§ Captioned web image data:
☆ ☆ ☆

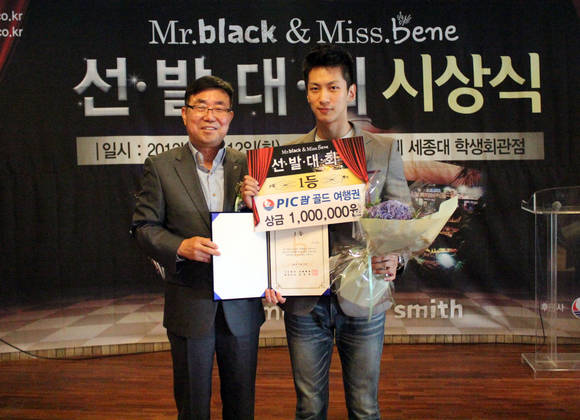 (사진)카페베네 김재일부회장(왼쪽)과 1위에 선전된 차경한씨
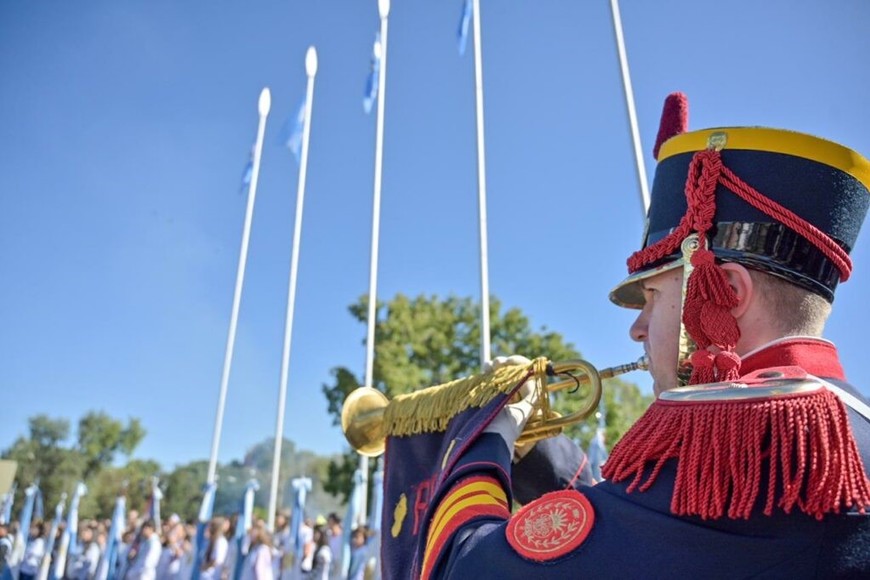 El intendente y los veteranos descubrieron en el Campo de la Gloria un cartel con la inscripción: “Distancia a las Islas Malvinas: 2119 km. La victoria es no olvidar”.
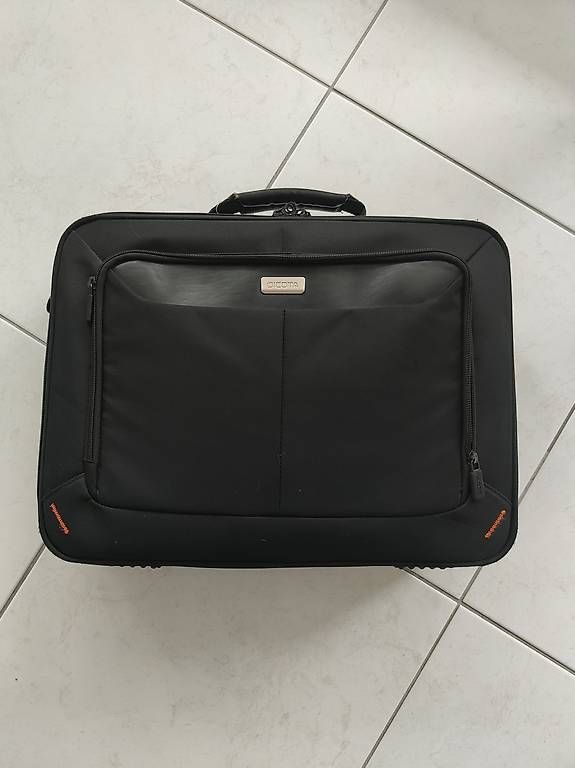 Borse: Laptop Tasche 50x40 – Usato da Hunzenschwil venduto da dpavespa 1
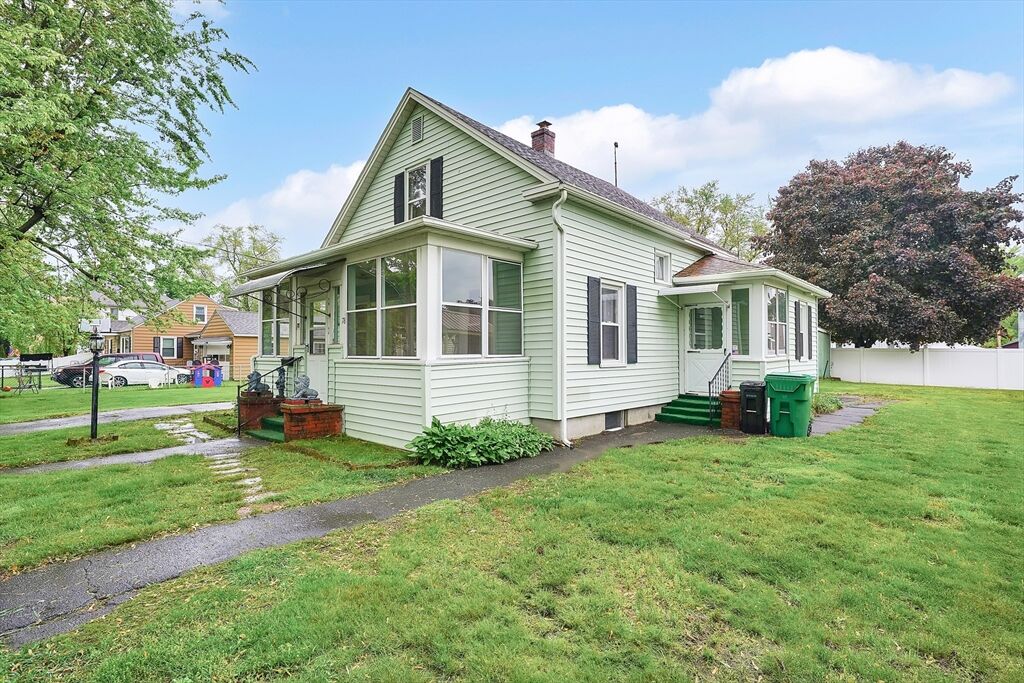 Property Photo: 78 Narragansett Blvd MA 01013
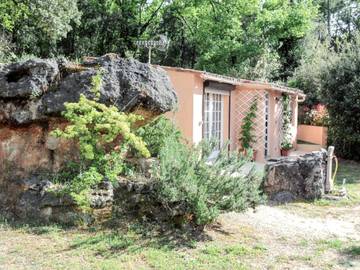 Gîte pour 2 personnes, avec jardin et terrasse, animaux acceptés à Montauroux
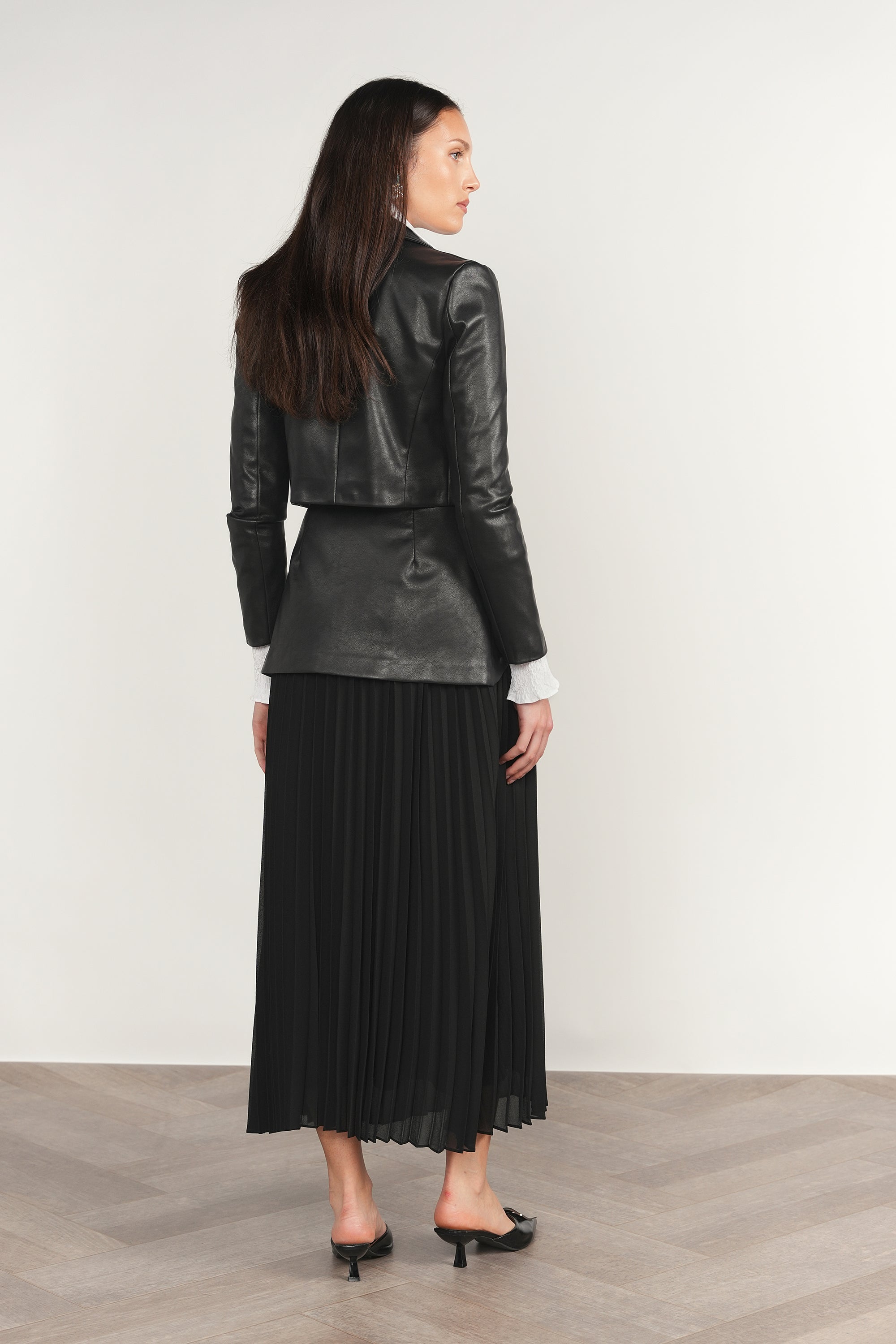 Dee Blazer in Black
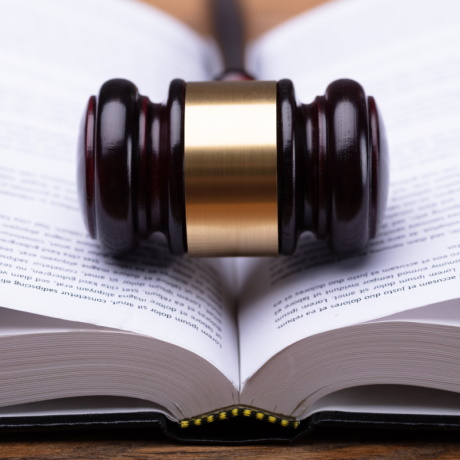 В первом чтении приняты поправки к Закону о КС РФ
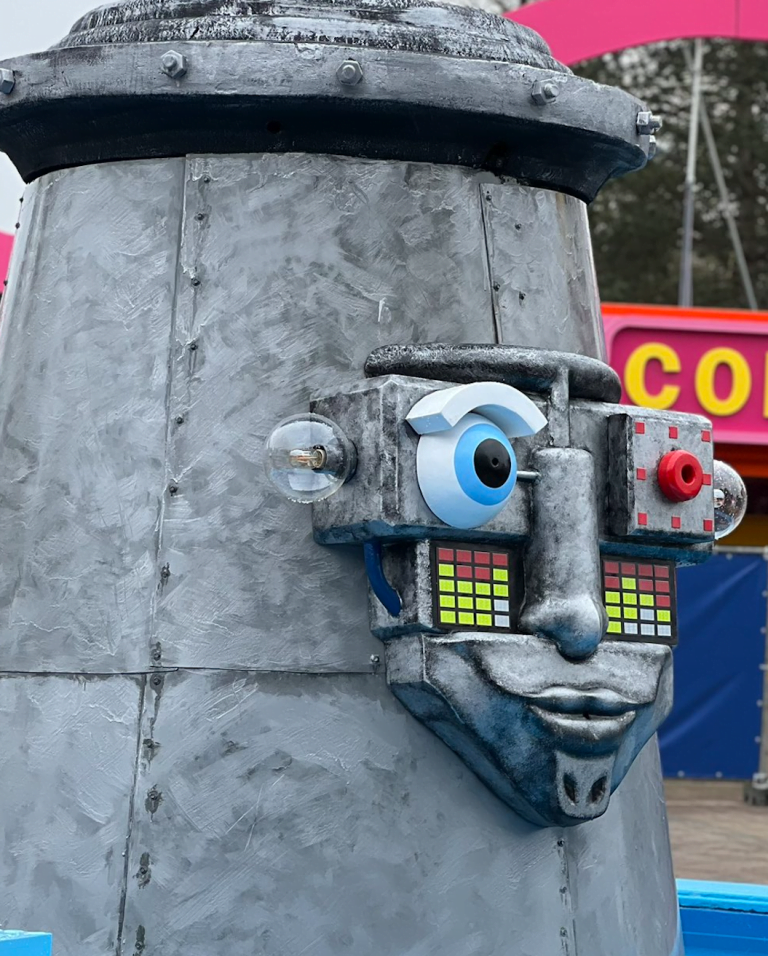 Nieuw uiterlijk pratende fontein zorgt voor hilariteit in Walibi Holland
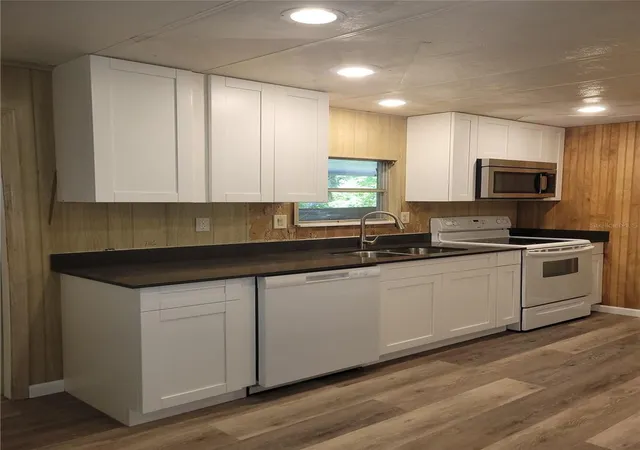 Photo 3 of Manufactured home for sale at 1715 Indian Trl, Leesburg, FL 34748 | MLS# S5127065 | Listing updated on 2026-08-31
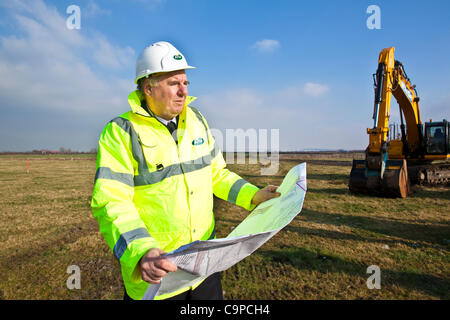 Foto:Jeff Gilbert. Aylesbury, Bucks, UK. 07.02.2012 Bild zeigt Peter Lauritzen, CEO von Arla Foods UK, an der Stelle wo Arla Foods Entwicklung der neuen £ 150 Millionen frische Milch Molkerei in Aylesbury, Buckinghamshire, England beginnen. Stockfoto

☆ ☆ ☆

§ Task:
The lines to copy run from the line containing "В первом чтении" through the end of the data above; copy exactly those, minus the pictures.

§ Solved problem:
 В первом чтении приняты поправки к Закону о КС РФ
 Nieuw uiterlijk pratende fontein zorgt voor hilariteit in Walibi Holland
 Photo 3 of Manufactured home for sale at 1715 Indian Trl, Leesburg, FL 34748 | MLS# S5127065 | Listing updated on 2026-08-31
 Foto:Jeff Gilbert. Aylesbury, Bucks, UK. 07.02.2012 Bild zeigt Peter Lauritzen, CEO von Arla Foods UK, an der Stelle wo Arla Foods Entwicklung der neuen £ 150 Millionen frische Milch Molkerei in Aylesbury, Buckinghamshire, England beginnen. Stockfoto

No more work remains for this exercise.